How is this different/unique from other storytelling performances? How is this different from typical Olios? Is Gwenda's performance breaking new ground? How is her performance contributing to storytelling?
Here is a performance event in which a single individual recounts and reflects on experience in a manner that is discursive. Although this is not uncommon in storytelling, my intention is to look at how this kind of performance works and what distinguishes it from other forms of theatre.
Imagine that you move to a new house in a new city. You are a stranger to the place and the place is strange to you. Over the course of your first several months at this new house, you learn your way around by running various errands: shopping for groceries, going to the theatre, walking in the park, and so on. In time, your new house has become your home: you have made friends, learned the back roads and short cuts, and are conversant with the place as a "local". You are now less of a stranger to the place while the place has become less strange to you. You accomplished this by moving across the territory; by "getting around"; by running about; by discourse.
Discourse, from the Latin discursus, means "a running about." By way of discourse, then, the storyteller performs a conversational act that moves from one idea to another typically resulting in a thematically unified composition. To converse is to become familiar with someone or something. Discourse and conversation make up the root actions of a storytelling performance.
Essential to this act is the presence of the author. That is, the one from whom the discourse originates. The authority of this person allows for the attainment of "a level of expression surpassing mere acting." Because Gwenda is speaking for and about herself, she is not acting as herself.
The act of affecting authorship (as an actor must who impersonates the author) creates a problem of belief. We know, always, that the actor speaking as the author is not the author. When the speaker is the author, we more readily believe we are listening to the voice of experience. The extent to which we are capable and willing to believe the voice of the storyteller, greatly affects the extent to which we are willing to receive the experience. Storytelling, in essence, is concerned with the transferring of experience. We first observe, then we believe, next we experience and finally we understand.

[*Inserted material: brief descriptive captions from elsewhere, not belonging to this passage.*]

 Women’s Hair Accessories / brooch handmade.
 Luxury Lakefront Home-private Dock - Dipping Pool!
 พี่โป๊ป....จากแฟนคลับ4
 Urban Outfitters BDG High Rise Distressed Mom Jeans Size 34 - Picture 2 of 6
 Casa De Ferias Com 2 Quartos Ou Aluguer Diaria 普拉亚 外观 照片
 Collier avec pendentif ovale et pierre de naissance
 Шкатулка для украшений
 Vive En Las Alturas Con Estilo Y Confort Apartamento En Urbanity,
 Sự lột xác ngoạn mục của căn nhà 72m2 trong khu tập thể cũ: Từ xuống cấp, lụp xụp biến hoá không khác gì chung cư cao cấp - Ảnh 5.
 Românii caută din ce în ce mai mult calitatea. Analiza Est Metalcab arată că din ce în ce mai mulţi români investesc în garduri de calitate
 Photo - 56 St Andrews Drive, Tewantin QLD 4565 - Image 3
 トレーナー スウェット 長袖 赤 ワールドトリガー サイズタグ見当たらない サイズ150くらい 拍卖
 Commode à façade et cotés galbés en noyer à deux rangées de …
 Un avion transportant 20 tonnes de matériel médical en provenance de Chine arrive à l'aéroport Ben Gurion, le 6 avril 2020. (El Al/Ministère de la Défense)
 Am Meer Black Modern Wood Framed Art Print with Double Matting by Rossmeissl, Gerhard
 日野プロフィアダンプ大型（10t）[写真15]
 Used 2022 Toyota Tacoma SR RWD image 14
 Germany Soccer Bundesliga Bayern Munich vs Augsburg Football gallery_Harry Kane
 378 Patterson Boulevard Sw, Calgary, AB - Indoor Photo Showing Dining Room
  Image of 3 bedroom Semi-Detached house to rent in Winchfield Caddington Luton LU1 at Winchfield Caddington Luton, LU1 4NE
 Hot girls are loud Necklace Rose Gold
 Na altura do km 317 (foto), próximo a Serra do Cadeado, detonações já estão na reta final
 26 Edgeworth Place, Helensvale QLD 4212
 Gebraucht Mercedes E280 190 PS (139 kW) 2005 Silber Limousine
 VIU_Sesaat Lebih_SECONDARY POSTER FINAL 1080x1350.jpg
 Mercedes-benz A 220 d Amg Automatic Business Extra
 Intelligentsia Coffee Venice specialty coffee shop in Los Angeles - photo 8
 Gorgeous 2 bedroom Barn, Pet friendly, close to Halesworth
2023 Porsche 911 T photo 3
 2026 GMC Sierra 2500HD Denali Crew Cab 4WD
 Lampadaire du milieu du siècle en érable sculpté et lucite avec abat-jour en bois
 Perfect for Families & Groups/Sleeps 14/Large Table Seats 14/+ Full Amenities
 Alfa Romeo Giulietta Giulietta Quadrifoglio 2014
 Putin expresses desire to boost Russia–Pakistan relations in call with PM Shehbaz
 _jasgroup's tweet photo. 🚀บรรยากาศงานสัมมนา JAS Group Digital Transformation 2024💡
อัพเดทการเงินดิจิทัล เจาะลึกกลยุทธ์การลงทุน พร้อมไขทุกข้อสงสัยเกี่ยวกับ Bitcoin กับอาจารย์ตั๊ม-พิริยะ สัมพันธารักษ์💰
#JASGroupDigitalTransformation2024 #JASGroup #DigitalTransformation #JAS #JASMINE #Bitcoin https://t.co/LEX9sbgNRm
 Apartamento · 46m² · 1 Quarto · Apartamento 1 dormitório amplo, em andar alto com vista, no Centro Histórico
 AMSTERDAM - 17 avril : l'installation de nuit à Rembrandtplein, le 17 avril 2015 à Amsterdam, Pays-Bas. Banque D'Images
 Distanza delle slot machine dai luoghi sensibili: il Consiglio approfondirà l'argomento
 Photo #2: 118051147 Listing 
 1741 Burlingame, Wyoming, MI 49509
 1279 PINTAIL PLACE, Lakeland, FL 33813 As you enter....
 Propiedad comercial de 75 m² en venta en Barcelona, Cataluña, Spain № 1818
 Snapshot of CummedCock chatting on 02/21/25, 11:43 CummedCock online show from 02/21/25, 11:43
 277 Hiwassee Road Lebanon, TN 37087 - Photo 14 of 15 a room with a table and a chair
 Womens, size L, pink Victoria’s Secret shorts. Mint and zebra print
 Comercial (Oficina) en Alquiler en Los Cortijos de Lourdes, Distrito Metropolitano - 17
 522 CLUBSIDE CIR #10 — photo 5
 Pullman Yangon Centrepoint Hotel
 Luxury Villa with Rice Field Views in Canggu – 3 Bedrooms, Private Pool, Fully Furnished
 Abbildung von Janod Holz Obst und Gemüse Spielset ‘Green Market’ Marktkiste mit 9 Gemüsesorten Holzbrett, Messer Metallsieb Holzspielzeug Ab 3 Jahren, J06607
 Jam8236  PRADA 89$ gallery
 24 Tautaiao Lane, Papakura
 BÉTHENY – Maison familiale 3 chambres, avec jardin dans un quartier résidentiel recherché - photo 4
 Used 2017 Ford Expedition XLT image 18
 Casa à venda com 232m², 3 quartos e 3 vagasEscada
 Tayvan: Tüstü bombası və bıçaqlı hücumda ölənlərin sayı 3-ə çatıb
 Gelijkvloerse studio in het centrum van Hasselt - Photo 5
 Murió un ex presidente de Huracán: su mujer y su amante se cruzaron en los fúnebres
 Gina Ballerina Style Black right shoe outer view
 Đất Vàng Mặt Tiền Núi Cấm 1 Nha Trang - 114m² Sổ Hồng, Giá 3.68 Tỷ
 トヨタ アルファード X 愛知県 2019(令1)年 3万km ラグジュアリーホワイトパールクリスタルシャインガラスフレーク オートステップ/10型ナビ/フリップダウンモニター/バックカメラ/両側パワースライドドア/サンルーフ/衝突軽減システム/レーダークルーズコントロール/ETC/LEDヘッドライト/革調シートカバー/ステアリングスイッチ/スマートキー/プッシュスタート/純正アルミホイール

Theatre art, in seeking to create a sense of belief, employs a variety of devices. The actors might wear masks or otherwise mask their behavior to embody that of a character. An actor might be employed for each of the people of the story. The stage may be constructed to affect a specific place or to evoke the world of the story. Lighting, costuming, sound design, are other devices serve to direct the audiences experience. The storytelling revival, in an effort to be anti-theatrical has developed its own theatrical form. The use of general lighting allows the storyteller to see the listener. A simple platform limits stage action. Simplicity in design of stage and auditorium affects a sense of the ordinary. The impression sought is that of a common room in which actor and audience are members of a community engaged in a kind of town meeting. The use of large tents, born of necessity, is now emblematic of the storytelling movement. Tented spaces with row upon row of folding chairs addressing a lecturer’s platform, suggests a religious revival setting wherein the audience is congregation and the storyteller is preacher. In modern storytelling performance, this anti-theatricality suggests that no contrivance is needed because the persons speaking are none other than themselves.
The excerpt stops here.